Required work
Look below for the line containing "Darwen Sport Hat"; from there, print each line exactly up to and including the line containing "TOPÔME ARCHITECTURE 85100", and stop.

Record excerpts
--- START ---

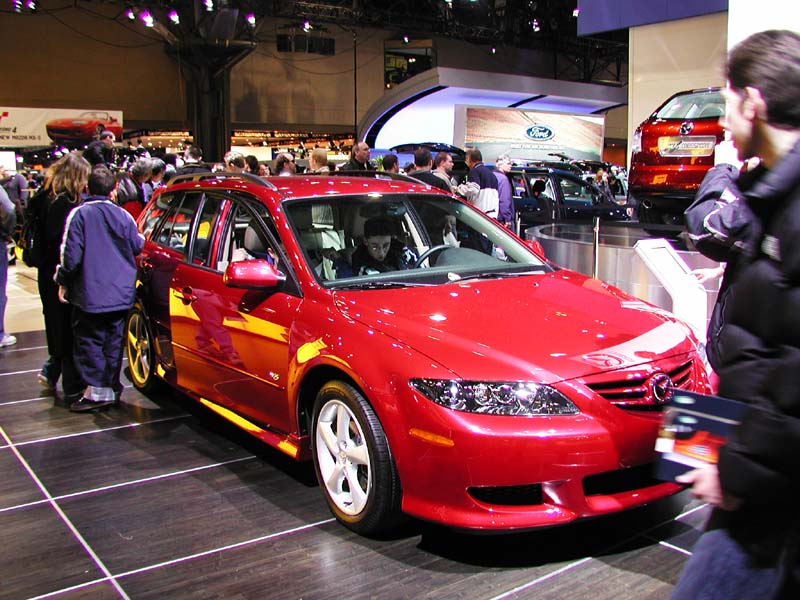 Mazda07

--- END ---
--- START ---

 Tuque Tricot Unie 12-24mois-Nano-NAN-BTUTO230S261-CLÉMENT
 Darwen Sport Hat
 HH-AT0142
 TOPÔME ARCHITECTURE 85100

--- END ---

Solution to the exercise
 Darwen Sport Hat
 HH-AT0142
 TOPÔME ARCHITECTURE 85100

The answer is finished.